--- START ---
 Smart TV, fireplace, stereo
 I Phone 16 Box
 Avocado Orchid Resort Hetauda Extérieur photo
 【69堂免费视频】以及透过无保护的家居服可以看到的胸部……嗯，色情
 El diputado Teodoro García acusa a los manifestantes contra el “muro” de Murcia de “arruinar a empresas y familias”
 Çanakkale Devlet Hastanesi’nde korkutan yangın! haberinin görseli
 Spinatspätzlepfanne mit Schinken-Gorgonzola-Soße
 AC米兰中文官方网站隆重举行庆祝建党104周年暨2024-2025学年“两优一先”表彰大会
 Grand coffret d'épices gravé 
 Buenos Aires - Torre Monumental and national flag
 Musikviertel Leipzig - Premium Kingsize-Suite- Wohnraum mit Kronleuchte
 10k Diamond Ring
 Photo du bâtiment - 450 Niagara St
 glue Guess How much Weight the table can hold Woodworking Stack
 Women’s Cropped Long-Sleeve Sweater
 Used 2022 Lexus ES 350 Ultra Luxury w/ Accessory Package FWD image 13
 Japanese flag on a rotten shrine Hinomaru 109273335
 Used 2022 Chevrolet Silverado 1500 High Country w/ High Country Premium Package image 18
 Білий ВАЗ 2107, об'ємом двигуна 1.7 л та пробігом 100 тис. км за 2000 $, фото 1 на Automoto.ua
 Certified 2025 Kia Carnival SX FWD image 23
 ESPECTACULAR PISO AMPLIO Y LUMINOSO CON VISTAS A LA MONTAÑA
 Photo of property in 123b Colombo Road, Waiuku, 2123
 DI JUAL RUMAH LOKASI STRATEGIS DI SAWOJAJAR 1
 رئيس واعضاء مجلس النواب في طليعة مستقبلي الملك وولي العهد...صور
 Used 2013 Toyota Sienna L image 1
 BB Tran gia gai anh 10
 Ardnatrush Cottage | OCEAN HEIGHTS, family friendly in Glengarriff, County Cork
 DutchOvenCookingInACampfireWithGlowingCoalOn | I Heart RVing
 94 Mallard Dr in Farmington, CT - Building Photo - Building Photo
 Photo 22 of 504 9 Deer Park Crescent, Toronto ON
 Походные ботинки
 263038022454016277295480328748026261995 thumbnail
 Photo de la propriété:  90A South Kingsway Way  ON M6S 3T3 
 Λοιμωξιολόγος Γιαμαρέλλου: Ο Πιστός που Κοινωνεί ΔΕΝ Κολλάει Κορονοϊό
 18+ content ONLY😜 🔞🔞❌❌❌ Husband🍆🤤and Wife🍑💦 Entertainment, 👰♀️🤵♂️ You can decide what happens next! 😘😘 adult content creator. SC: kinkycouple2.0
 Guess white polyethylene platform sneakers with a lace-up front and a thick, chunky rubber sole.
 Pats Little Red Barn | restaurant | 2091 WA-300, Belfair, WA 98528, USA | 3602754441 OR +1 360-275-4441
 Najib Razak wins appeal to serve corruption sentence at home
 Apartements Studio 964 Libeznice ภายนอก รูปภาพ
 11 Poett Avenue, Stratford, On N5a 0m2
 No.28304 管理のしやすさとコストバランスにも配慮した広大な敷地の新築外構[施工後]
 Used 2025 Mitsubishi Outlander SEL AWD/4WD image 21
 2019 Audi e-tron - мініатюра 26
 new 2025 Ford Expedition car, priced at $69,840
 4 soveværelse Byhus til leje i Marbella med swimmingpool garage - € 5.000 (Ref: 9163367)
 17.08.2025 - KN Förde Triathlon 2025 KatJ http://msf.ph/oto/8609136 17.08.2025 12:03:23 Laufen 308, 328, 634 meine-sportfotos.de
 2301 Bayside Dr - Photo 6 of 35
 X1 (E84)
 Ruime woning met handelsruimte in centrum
--- END ---
EXERCISE PROMPT
Lines from the one containing "4 soveværelse Byhus" through the final line of the entries above are to be output exactly; omit all others.

RESULT
 4 soveværelse Byhus til leje i Marbella med swimmingpool garage - € 5.000 (Ref: 9163367)
 17.08.2025 - KN Förde Triathlon 2025 KatJ http://msf.ph/oto/8609136 17.08.2025 12:03:23 Laufen 308, 328, 634 meine-sportfotos.de
 2301 Bayside Dr - Photo 6 of 35
 X1 (E84)
 Ruime woning met handelsruimte in centrum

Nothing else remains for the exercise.